There are no age restrictions for attendance and it is considered an event for the "whole family". It is staffed almost entirely by volunteers. Attendance is limited below capacity to prevent overcrowding. Each artist at the event performs twice at different locations.

Many bands who play at the event have not yet reached national or international recognition. Notable past acts include Wolf Parade, King Sunny Ade, Fruit Bats, Beach House, Tinariwen, Built to Spill, Broken Social Scene, GZA (of Wu-Tang Clan) and Armand Hammer.

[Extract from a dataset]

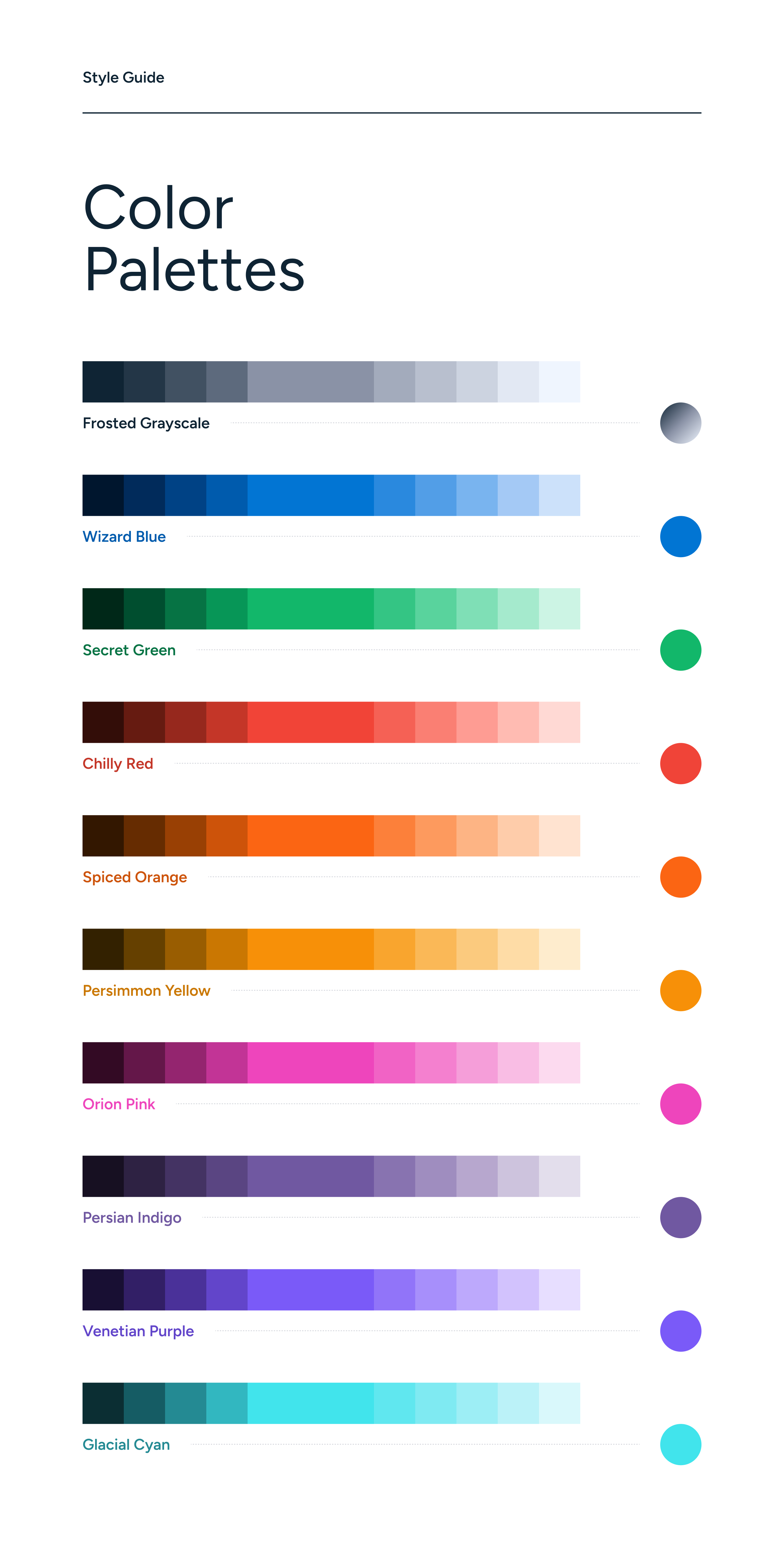 Color Palettes branding colors palette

The festival features a variety of "Neighborhoods" offering unique experiences to attendees. For example the "Refuge Neighborhood" offers massage, sauna, cold plunge, and sound therapy. The "Coyote Neighborhood" hosts children's events, including crafts, archery, wilderness experiences, and a talent show. The "Market Neighborhood" offers food and drinks from local restaurants.

=== Sustainability ===
Over the years, festival organizers have integrated sustainable practices within the event. Starting in 2010–11, all plastic and single-use dishware were eliminated. Attendees can either bring their own tableware or purchase these items on site. The event makes use of sustainable fuels, and in 2023 was the first festival to use a zero emission hydrogen generator to power a stage. Solar-powered cell phone charging is available on site, and one of the festival's indoor spaces is also solar-powered.